While most extensions are somewhat descriptive, like the examples I just mentioned, other are less so.

Like .dat.

The .dat extension

… there is no way to know how to open a .dat file unless you know what program created it.
As I said, .dat simply means that the file contains data.

To me that’s almost redundant because all files contain data when you think about it.

The real problem is that so many different programs use .dat when they store their data that the filename, by itself, really doesn’t tell you anything about the file, what it contains, or what program it belongs to. There is no standard format and there is no standard way to interpret the contents. .dat is only a name and nothing more.

So I’ll be super clear: there is no way to know how to open a .dat file unless you know what program created it. Period.

A good example is that Yahoo Instant Messenger (YIM) apparently keeps its message history in a file that ends in .dat. The way Yahoo works, you can only open that .dat file using Yahoo Instant Messenger, and only of you are logged in to the account that created the file in the first place.

But if you don’t know what application created the file, there’s no way to know how to open it.

Fortunately, there may be one trick to identifying that application…

File signatures

In How do I figure out what kind of file I have – without the file extension? I discuss the concept of file signatures.

File signatures are nothing more than bytes with specific values at the beginning of a file that identify what the file contains.

For example, executable files begin with the bytes (represented in hexadecimal) 4D followed by 5A. That’s upper case MZ, the initials of the engineer that defined the original .exe file format.

JPEG image files generally start with the bytes FF, D8, FF. That means if you get a .jpg file, but it starts with something other than those values, you know there’s a problem – the type of file content doesn’t match what the filename extension implies.

How does this help our .dat file scenario?

Fairly simply: by examining the first few bytes of the data in that file, you may be able to determine what kind of file it is. (I have to stress may as there’s also no requirement that any file follow any particular convention.)

How do I figure out what kind of file I have – without the file extension? has more, including a link to a tool to examine those values, as well as a link to a fairly extensive list of file signatures.

Including the one I created, that begins with my initials, LN. :-)

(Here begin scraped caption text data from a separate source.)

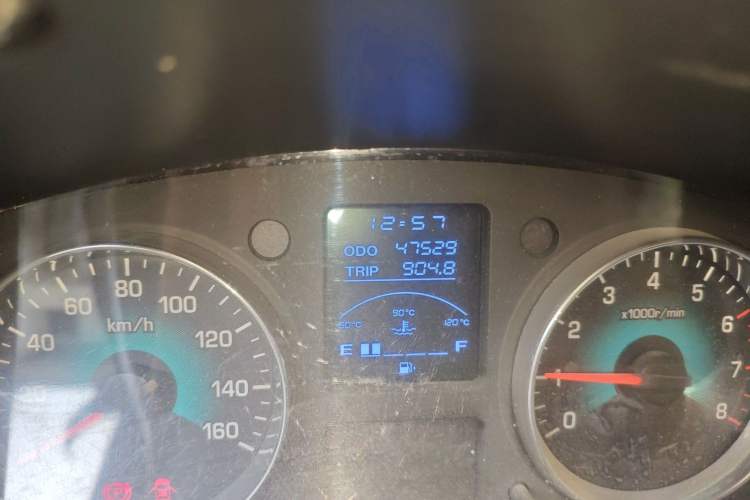 Used Jinbei New Hiace X30L 2016 1.5L Wealth Edition DLCG14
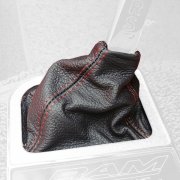 1956-1963 Corvette Redline Leather Shift Boot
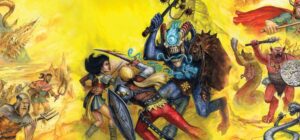 [DCC] [Opinia] Sailors of the Starless Sea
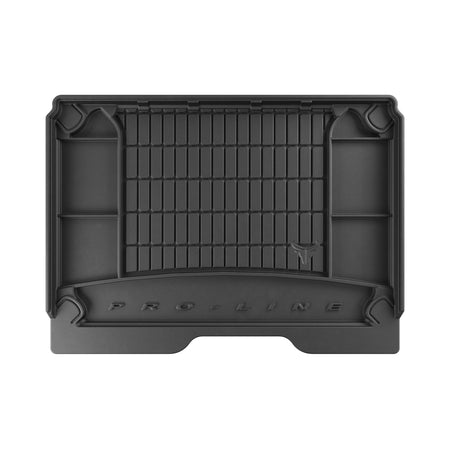 Vasche baule Peugeot Partner II, carrozzeria van, fabbricazione 2008 - 08.2018 #2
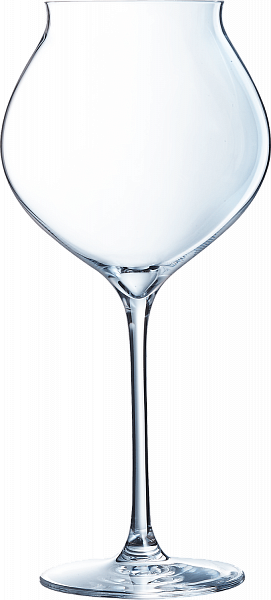 Macaron Fascination Stemglass (set of 6 wine glasses), 0.6л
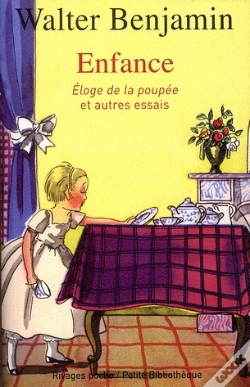 Capa do artigo Enfance. Eloge De La Poupee Et Autres Essais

This is an update to an article originally posted : July 28, 2004


  1. Trish Clark

    Thank you for the reply – next question can I use Crystal reports to generate reports from a .dat file? We use Oracle, sqlbase, sqlserver, access but I have never had to assist a customer with a system using .dat files so I am treding on new ground! Thank you in advance.


  2. lynne

    i have a few dat files that i want to open. tried opening them with notepad but that didn’t work. they are conversations that were automatically saved when chatting on yahoo messenger. how can i open these up?

  3. Leo

    Normally a .dat file should only be opened using the application that created it, or an application that is compatible with it. In fact here’s a note from the Yahoo messenger help page:

    “Please Note: Archives (.dat files located on your system) are encrypted and can only be viewed by the Yahoo! ID that created them. These archives are stored locally on your system, so the conversations held on that specific computer are only accessible from that computer. Once archives are deleted, they cannot be retrieved.”

  4. Carol

    I’m experiencing the same problem. My lab ran a research using a software called MEL, which produced .dat files as outputs. Because it is a DOS-based program, do you happen to know how I could crack the data through DOS?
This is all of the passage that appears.